Os olhos da cara
Estudo mostra que será impossível pagar um plano de saúde individual daqui a 30 anos se reajuste anual continuar sendo calculado da atual forma. Um plano que hoje compromete 6% da renda do consumidor abocanhará quase 70%
Ter um plano de saúde custa caro, mas, diante de sua importância, muitos consumidores fazem um esforço para manter o serviço. Agora, e se dissermos que o que já é ruim pode ficar pior? De acordo com a nova edição de um estudo realizado pelo Idec desde 2010, se os reajustes anuais dos planos individuais mantiverem o padrão atual, será praticamente impossível pagar por um daqui a 30 anos.
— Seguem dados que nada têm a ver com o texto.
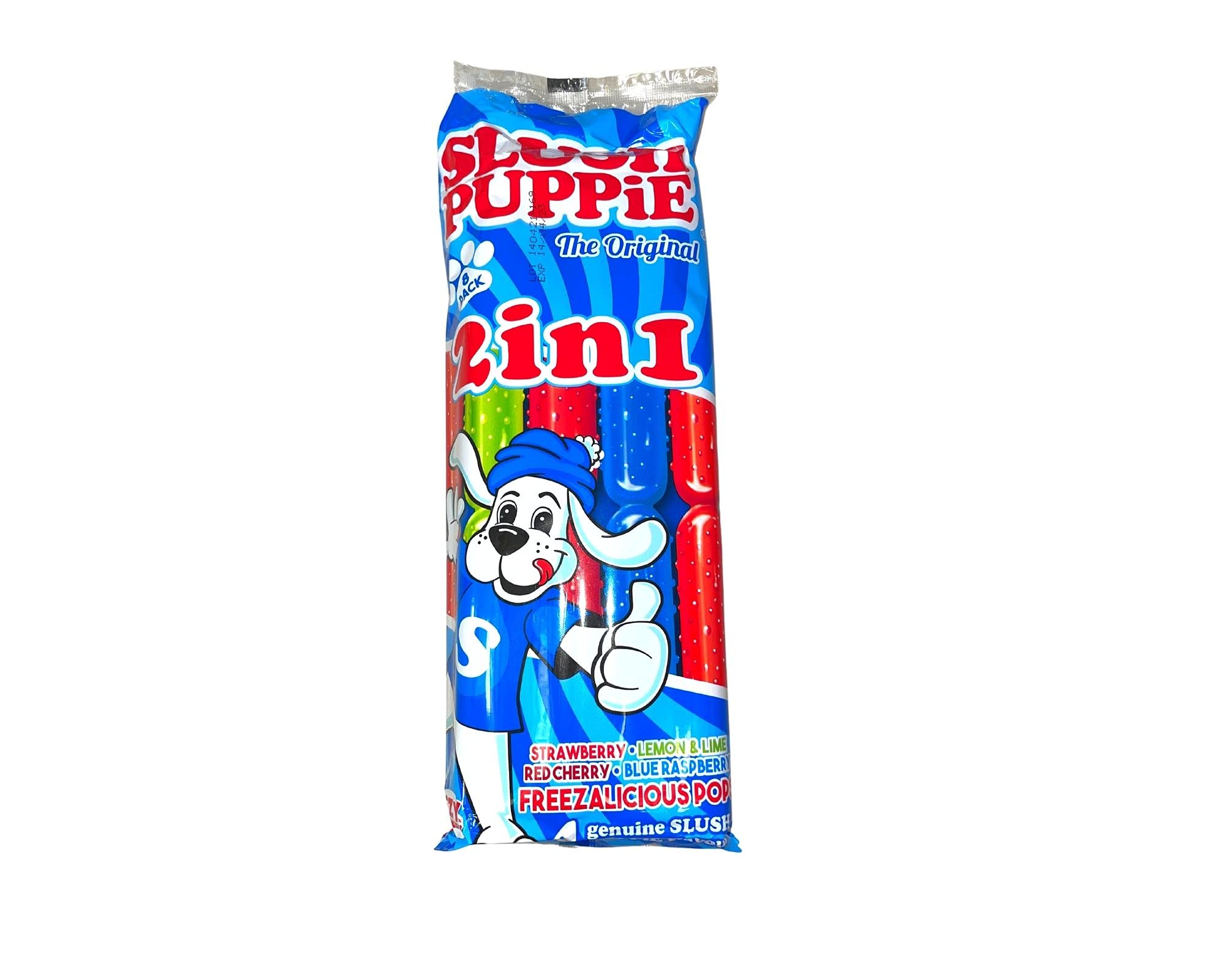 Slush Puppie The Original Squeezee Freeze Pops Ice Lolly Poles - 2 in 1 Red Cherry, Lemon &Lime, Strawberry And Blue Raspberry 8 x 75ml Pack - Vegetarian, Vegan And Gluten Free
O aumento autorizado pela Agência Nacional de Saúde Suplementar (ANS) para os contratos individuais/familiares tem sido sempre acima da inflação, indicador que mede o custo de vida do consumidor. Entre 2005 e 2014, enquanto o Índice de Preços ao Consumidor Amplo (IPCA) acumulado foi de 72,2%, os reajustes anuais fixados para os planos individuais no mesmo período atingiram a marca de 114,8% – uma diferença de 42,7%. "Dessa forma, a mensalidade dos planos tende a aumentar muito acima da capacidade de pagamento do consumidor", resume Ione Amorim, economista do Idec.
Para entender melhor, imagine o seguinte caso: um consumidor de 30 anos que tem renda mensal de R$ 3 mil e desembolsa R$ 200 por mês (média dos valores de planos para essa faixa etária, segundo a ANS) em seu plano de saúde individual. O gasto representa 6% de sua renda hoje. Se forem mantidas as condições de aumento salarial e de reajustes dos planos, quando ele tiver 60 anos, o valor do plano terá subido para incríveis R$ 8.775, enquanto o seu salário será de cerca de R$ 12 mil – ou seja, o gasto com plano morderia 67,7% de sua renda.
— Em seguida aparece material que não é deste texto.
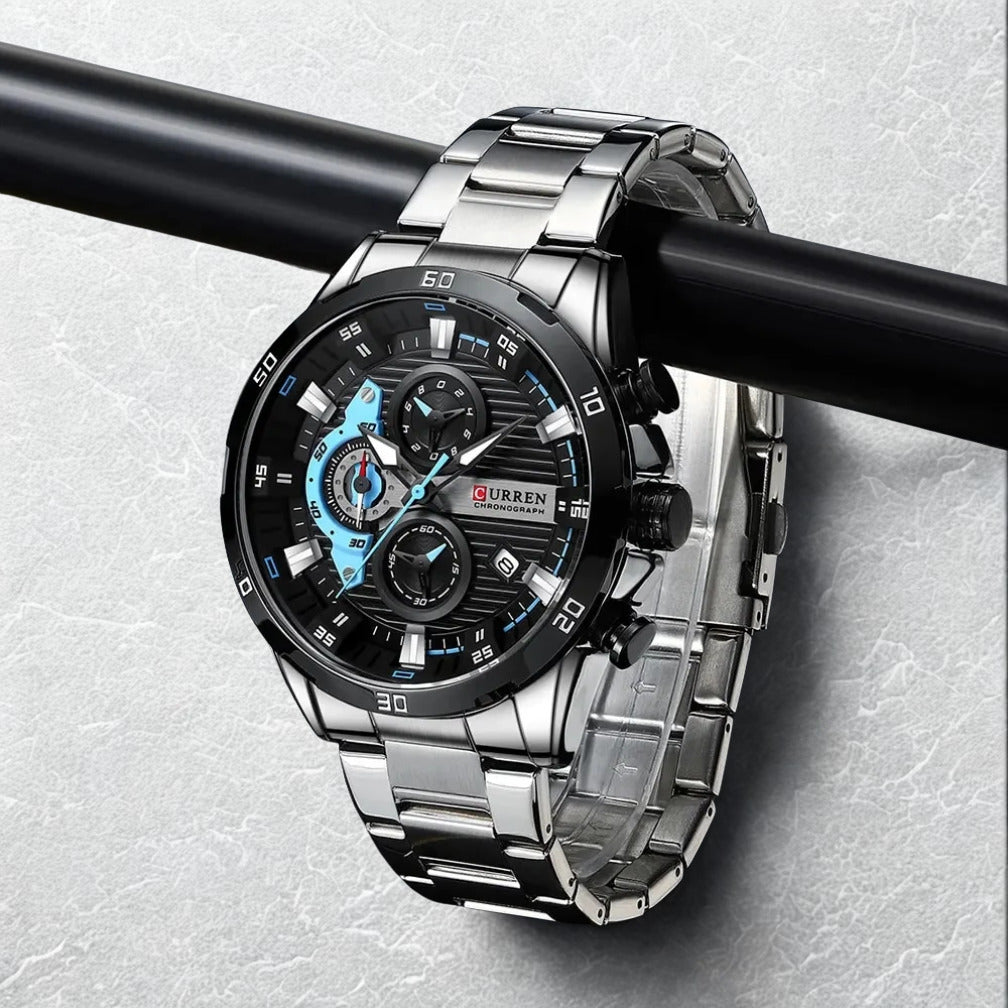 ⭐️⭐️⭐️⭐️(4,8) CURREN 8402 Chronographe Acier – Puissance & Style Moderne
A previsão desse valor de mensalidade leva em conta a projeção para os próximos 30 anos da diferença entre os valores de reajustes anuais postos pela ANS e o IPCA, chegando ao índice de 190,4%; e também os reajustes por mudança de faixa etária, que, em média, são de 251,04% entre 30 e 60 anos de idade, segundo dados da ANS. Já a estimativa de aumento salarial foi feita com base na inflação de 5% ao ano.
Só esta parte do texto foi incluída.